# LMBR Notes

## Levenberg-Marquardt (LM) Algorithm

### 1) Basic Gradient Descent:
$$
\begin{align}
\mathbf{x_{n+1}} &= \mathbf{x_n} - \lambda \nabla f( \mathbf{x_n} )
\end{align}
$$

### 2) Newton-Raphson (NR) method:

2a) The solution for the stationary point of f(x):
$$
\begin{align}
\nabla f( \mathbf{x_{n+1}} ) &= \nabla f( \mathbf{x_n} ) + (\mathbf{x_{n+1}} - \mathbf{x_n})^T \nabla^2 f( \mathbf{x_n} ) +
\text{Higher order terms = 0}
\end{align}
$$

2b) Neglecting the higher-order terms, we get:
$$
\begin{align}
\mathbf{x_{n+1}} &= \mathbf{x_n} - ( \nabla^2 f( \mathbf{x_n} ) )^{-1} \nabla f( \mathbf{x_n} )
\end{align}
$$

This method uses the inverse of the Hessian matrix $H = \nabla^2 f( \mathbf{x_n} )$ (i.e., the function's curvature) to reach the minimum point.

Drawbacks of the NR method include:
* Convergence depends strongly on the initial guess. Starting in a low-gradient (i.e., flat) region of the loss function will likely impede optimization.
* The Hessian matrix must be positive-definite and not singular. Otherwise, the search direction may result in gradient ascent, or the algorithm stops functioning entirely.
* Calculation of the Hessian matrix and its inverse is very time-consuming for large-dimension $\mathbf{x}$ vectors.

### 3) Levenberg-Marquardt (LM) Optimization:

$$
\begin{align}
\mathbf{x_{n+1}} &= \mathbf{x_n} - ( \nabla^2 f( \mathbf{x_n} ) + \lambda I )^{-1} \nabla f( \mathbf{x_n} )
\end{align}
$$

This method combines basic gradient descent and NR optimization.
* When $\lambda \rightarrow 0$, the LM method approaches the NR method.
* When $\lambda \rightarrow \infty$, the LM method approaches basic gradient descent with a small learning rate (step size) of $\lambda^{-1}$.

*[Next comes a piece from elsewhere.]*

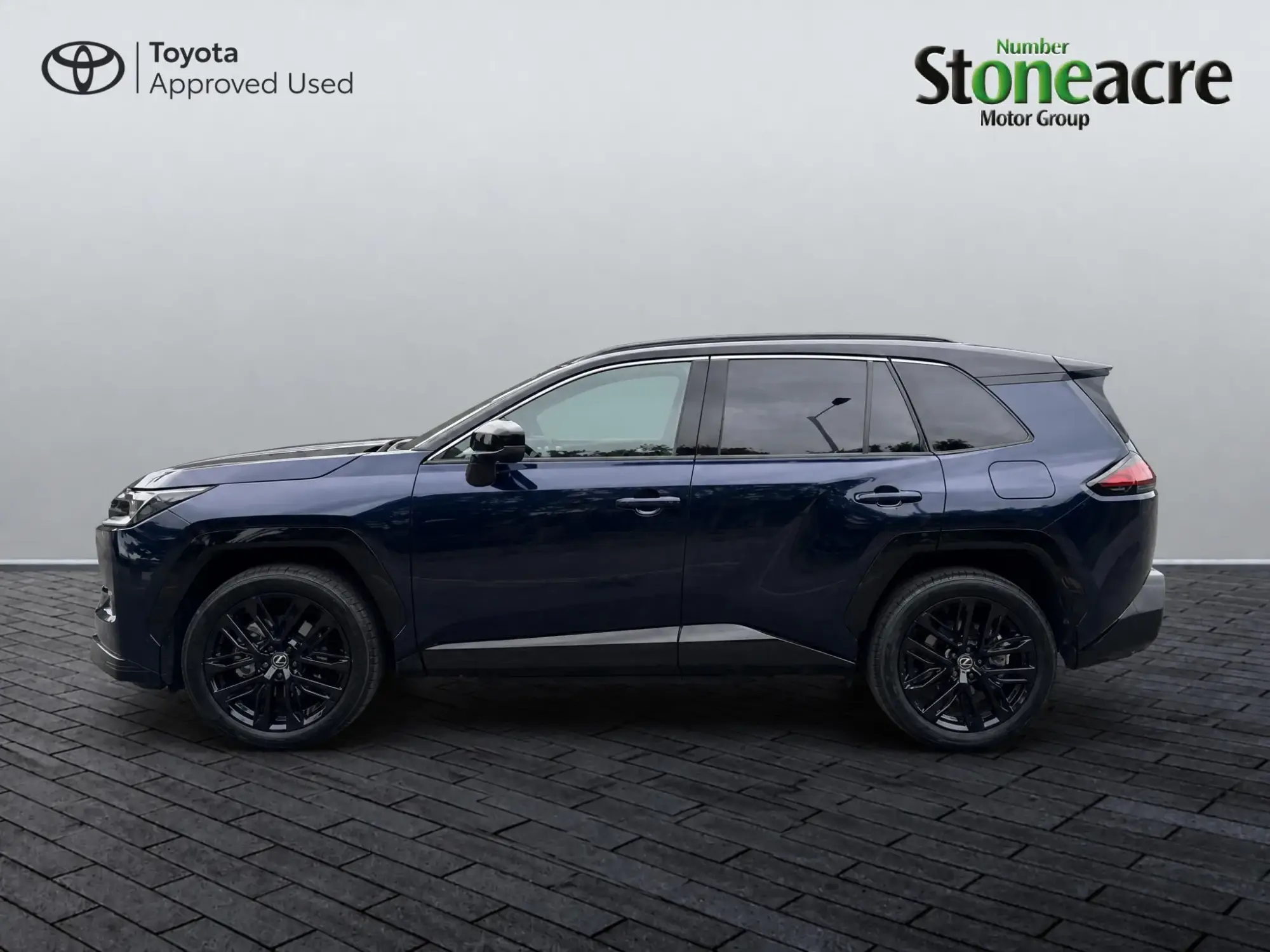 Toyota RAV4 Image 6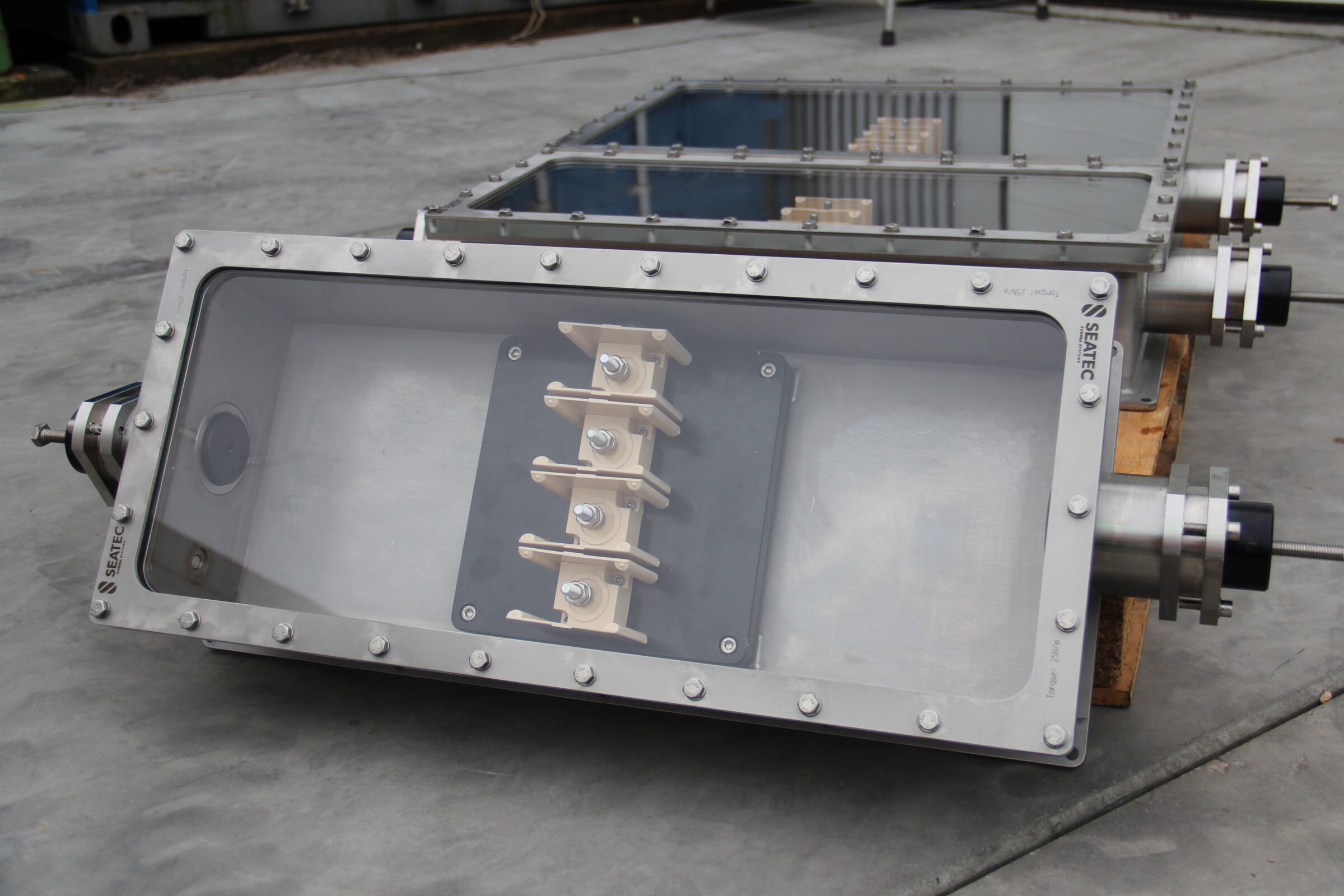 Design & delivery of High Voltage Submersible Junctionboxes Seatec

The gain, $\lambda$, ensures that $\lambda I + H$ is positive-definite (thus avoiding gradient ascent), even if $H$ is not.

In each update step:
* If loss decreases (i.e., gradient descent), then information from $H$ is helping, so $\lambda$ is reduced (usually by a factor of 10).
* If loss increases (i.e., gradient ascent), then information from $H$ is not helping. Thus, the step is rejected, $\lambda$ is increased (usually by a factor of 10), and the step is recalculated in such fashion until loss decreases.

For small optimization problems, LM optimization is faster than basic gradient descent and more stable than NR optimization.

## LM Optimization with Bayesian Regularization

Source: "Gauss-Newton Approximation to Bayesian Learning" by Foresee and Hagan, 1997.

## 1) Loss Function and Objective Function Parameters

The objective is to minimize both $E_D$ and $E_W$, where $E_D$ is the sum of squared errors between network responses and training data, $D$, while $E_W$ is the sum of squares of network weights, $W$. Such regularization should produce accurate, generalized nonlinear regressions.

Thus, the objective function is $F = \beta E_D + \alpha E_W $, where the initial values of $\alpha$ and $\beta$ are hyperparameters.
* If $\beta >> \alpha$, then optimization will focus on minimizing errors.
* If $\beta << \alpha$, then optimization will focus on minimizing weight sizes.

## 2) Initialization

The authors chose to use initial values of $\alpha = 0$ and $\beta = 1$, and to initialize weights via the Nguyen-Widrow method (1990).

## 3) Training

1) Take one step of LM optimization to minimize the objective function $F(W) = \beta E_D + \alpha E_W$. 

2) Compute the effective number of parameters $\gamma = N - 2 \alpha tr(H^{-1})$, where N is the total number of parameters in the network. \
   $\gamma$ measures how many parameters in the network are effectively used in reducing the error function. \
   Make use of the Gauss-Newton approximation of $H$ available in the LM algorithm:
   $H = \nabla^2 F(W) \approx 2 \beta J^T J + 2 \alpha I_N$, where $J$ is the Jacobian matrix of the training set errors.

3) Compute new estimates for the objective function parameters:
$$
\begin{align}
\alpha &= \frac{\gamma}{2 E_W(W)} \\
\beta &= \frac{n - \gamma}{2 E_D(W)}
\end{align}
$$ \
where $n$ is the total number of training data. \
One alternate way to calculate $\alpha$ and avoid iteration deficiency is:
$$
\begin{align}
\alpha &= \frac{N}{2 E_W + tr(H^{-1})}
\end{align}
$$


4) Repeat steps 1 - 3 until convergence.